1948. 352 pages (paperback)
From: The public library
In a nutshell:
17-year-old Cassandra Mortmain lives in a rundown castle with her family, sometime in the mid-20th century. When two brothers, the adult grandsons of the Mortmains’ recently deceased landlord, arrive to check the inheritance, it means change for everyone in the family. In a series of insightful and witty journal entries, Cassandra captures all of these changes as well as her own coming-of-age.
I am always impressed by writing that successfully articulates the life of the mind – that feel psychologically real. I love reading a passage that manages to describe an idea, mood or emotion in such a way that I go: ‘Yes, I know exactly what that is but had never been able to capture it in words before.”
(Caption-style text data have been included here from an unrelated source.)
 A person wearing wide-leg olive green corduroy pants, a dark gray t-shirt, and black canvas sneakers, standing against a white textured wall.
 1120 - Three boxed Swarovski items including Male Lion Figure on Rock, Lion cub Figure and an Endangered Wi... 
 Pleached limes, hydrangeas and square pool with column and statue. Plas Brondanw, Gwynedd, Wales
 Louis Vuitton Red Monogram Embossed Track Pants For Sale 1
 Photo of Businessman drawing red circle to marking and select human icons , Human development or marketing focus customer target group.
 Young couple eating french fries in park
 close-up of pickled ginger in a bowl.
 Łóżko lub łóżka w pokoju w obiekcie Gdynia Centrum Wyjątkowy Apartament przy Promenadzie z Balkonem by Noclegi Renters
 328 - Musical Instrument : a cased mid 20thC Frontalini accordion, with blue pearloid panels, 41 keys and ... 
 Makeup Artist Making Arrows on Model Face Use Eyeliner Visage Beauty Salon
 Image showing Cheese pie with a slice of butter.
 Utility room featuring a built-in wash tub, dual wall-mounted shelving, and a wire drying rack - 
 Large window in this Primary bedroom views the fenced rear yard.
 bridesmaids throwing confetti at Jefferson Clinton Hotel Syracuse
I Capture the Castle does that. Sure, plenty of things happen in the novel, but the book is distinguished not by plot alone, but by its understanding of people. We are complicated packets of changing motivations and contradictions and Dodie Smith conveys this through the clever voice of Cassandra Mortmain.
Cassandra is a thoroughly likable narrator, clear-eyed but conscious that she has much to learn about life. The rest of the characters are engaging as well, as seen through the prism of her viewpoint.
Most passages of the book would do for an excerpt, but I’ll pick one that demonstrates Cassandra’s (and Dodie Smith’s) wry humor. Simon, one of the two brothers, has fallen for Cassandra’s beautiful sister Rose and is talking to Cassandra about it:
He went on to talk of her for quite a quarter of a mile . . . Everything Rose does is original, apparently, even the way she dances, inventing little steps of her own. And she is so intelligent – he kindly said I was, too, but Rose is a wit (a fact not as yet disclosed to her family).
I had to laugh at Cassandra’s parenthetical comment. I can imagine her surreptitious raising of eyebrows at hearing this particular praise of her sister, who is vivacious but not particularly witty.
I Capture the Castle is definitely one that I will purchase down the road. All those who spoke to me of this book did so with great affection and I will now join their ranks.